Where am I getting calls right now is the question? I haven't had any calls yet from my CAL FIRE clients, although I'm wondering what this fire season will bring as the peak fire season kicks off, and we have firefighters in their family units or groups. When they're not fighting fires, where they will be and how close in proximity they will be with other firefighters will determine how COVID-19 affects them. We just don't know yet.
I've had calls from correctional officers and CDCR. As you may know (those of you in that community who are members of CCPOA and CCSO), you know that San Quentin has had quite a few cases. There's been quite a few up in Susanville, mainly at CCC. I am hearing about High Desert cases. There are some in the Central Valley as well as Los Angeles County.
We're going to hear about sheriff, police, and California Highway Patrol. Obviously when they're restraining suspects or detaining somebody, they're in much closer contact than most of us in our jobs, and so I'm expecting to get those calls.
What do you do when you think that you've contracted COVID-19?
You need to contact a workers' compensation attorney. Evidence needs to be gathered, so a causation can be proven. The laws right now on COVID-19 on causation is a fluid situation. Whether or not there's presumptive injuries on long term basis is a fluid situation. Labor, the legislature, the Governor, as well as my organization, the California Applicants' Attorneys Association are working on that right now. We still don't have a definitive answer on a la. There is a temporary executive order that Governor Newsom provided for a period of time, and so that may be applicable to you. The bottom line is you want to contact a workers' compensation attorney, because whatever we end up with as far as a standard, the evidence and the way it's collected, and the strategy in proving the case is important.
The biggest thing when you're dealing with safety personnel (I say this is the biggest thing because I often say this to my clients) are the other issues in work-related injuries where are more important than the workers' compensation case itself. I don't want to minimize the workers' compensation case. Obviously, I'm a workers' compensation attorney, so the workers' compensation case is important. However, if you're not able to go back to work, you will be substantially incapacitated from your job.

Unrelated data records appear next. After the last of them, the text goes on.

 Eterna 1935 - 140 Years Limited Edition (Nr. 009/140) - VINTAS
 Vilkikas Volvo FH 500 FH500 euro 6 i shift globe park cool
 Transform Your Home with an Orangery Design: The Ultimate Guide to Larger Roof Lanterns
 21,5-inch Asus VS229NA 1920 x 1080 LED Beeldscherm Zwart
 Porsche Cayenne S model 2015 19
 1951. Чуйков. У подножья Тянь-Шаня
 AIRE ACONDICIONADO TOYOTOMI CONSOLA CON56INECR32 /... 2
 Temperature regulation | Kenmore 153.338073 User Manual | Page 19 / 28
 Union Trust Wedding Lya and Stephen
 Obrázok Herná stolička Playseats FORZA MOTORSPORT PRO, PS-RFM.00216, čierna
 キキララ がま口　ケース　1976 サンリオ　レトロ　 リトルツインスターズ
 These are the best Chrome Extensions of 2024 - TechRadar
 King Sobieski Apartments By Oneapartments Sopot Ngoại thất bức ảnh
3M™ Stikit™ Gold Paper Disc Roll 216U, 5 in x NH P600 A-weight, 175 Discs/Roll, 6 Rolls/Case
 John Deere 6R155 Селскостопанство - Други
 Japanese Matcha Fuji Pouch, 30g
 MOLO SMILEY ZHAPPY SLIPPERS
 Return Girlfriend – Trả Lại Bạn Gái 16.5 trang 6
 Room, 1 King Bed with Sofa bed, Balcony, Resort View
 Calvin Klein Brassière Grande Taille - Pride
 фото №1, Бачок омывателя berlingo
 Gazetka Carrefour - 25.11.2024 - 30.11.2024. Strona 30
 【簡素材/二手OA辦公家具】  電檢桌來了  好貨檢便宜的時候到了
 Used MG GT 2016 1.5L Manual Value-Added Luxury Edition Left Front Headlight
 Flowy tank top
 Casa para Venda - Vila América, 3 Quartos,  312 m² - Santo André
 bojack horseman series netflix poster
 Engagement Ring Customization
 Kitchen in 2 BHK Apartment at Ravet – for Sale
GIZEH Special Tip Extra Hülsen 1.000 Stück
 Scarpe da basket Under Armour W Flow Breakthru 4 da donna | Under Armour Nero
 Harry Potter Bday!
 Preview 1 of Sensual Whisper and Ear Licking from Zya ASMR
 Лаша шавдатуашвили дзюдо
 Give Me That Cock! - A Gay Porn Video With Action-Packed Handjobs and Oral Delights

Industrial Disability Retirement (particularly if your career has been cut short) will be a serious consideration. Industrial Disability Retirement will be critical to you because of the benefits of Industrial Disability Retirement.
In order to be eligible for Industrial Disability Retirement, causation has be proven for the workers' compensation claim. In the end, you have to have a compensable workers' compensation case on the injury that is causing you to be substantially incapacitated from your job. If COVID is the reason why you're on oxygen or you're not able to do your job, then we have to prove it is work related in order to be eligible for Industrial Disability Retirement.
Therefore, causation with COVID-19 cases will be the battleground in workers' compensation litigation. The result of that litigation will determine whether or not an injured worker receives workers' compensation benefits. If you're safety and Industrial Disability Retirement is an issue, then it's critical that the underlying workers' compensation cause is proven work-related.